Didn’t you learn your lesson the last time you went up against The Puppy Blender. He’s not all that thrilled with people trying to take his spot.
See you in hell.
Take it from me Frank, being an overlord, while rewarding, is not always an easy task. But you may have an easier time since so many people above seem to support you. Also, as long as you stay as bloggy-thingy-overlord, I dont think well have any overlordish conflicts.
Frank’s the anti-Christ?! Man, I didn’t see that coming!
Of course Frank’s the anti-Christ! He’s Catholic!
jk to all Catholics out there.
Yeah okay Mr. Big Overlord – what are you gonna do for ME? I mean, like what is your platform?
Or are you just going to go around going “Ooh look at me, Da Overlord” and expect lots of bowing and crap?
I might be your minion, but I don’t necessarily have to like it. What you gonna do for ME?
“with sarahk at your side in some revealing costume with a chain around her ankle attached to your looming largeness” … What? A thinly veiled reference to the scene with Princess Leia chained to Jaba the Hut?

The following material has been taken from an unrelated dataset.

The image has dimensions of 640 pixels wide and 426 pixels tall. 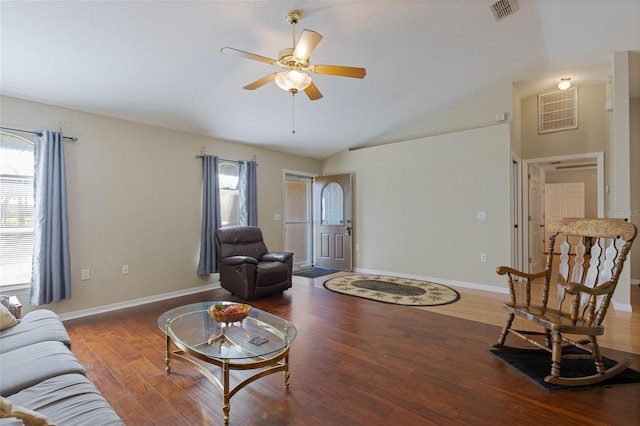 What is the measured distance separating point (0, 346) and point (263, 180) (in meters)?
4.18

But nobody is carbon frozen and needing rescue … or did I miss something?
Interesting analogy, ‘though. I am the only living being who knows exactly what size and shape wastebasket James Earl Jones spoke all his lines as Darth Vader into: “All to easy! Prepare the chamber for Skywalker.” Hence, I should be the Blug Leader. And I want a light saber.
ps: what happens if I click below where it says “FORGET PERSONAL INFORMATION”? I’m afraid to try it.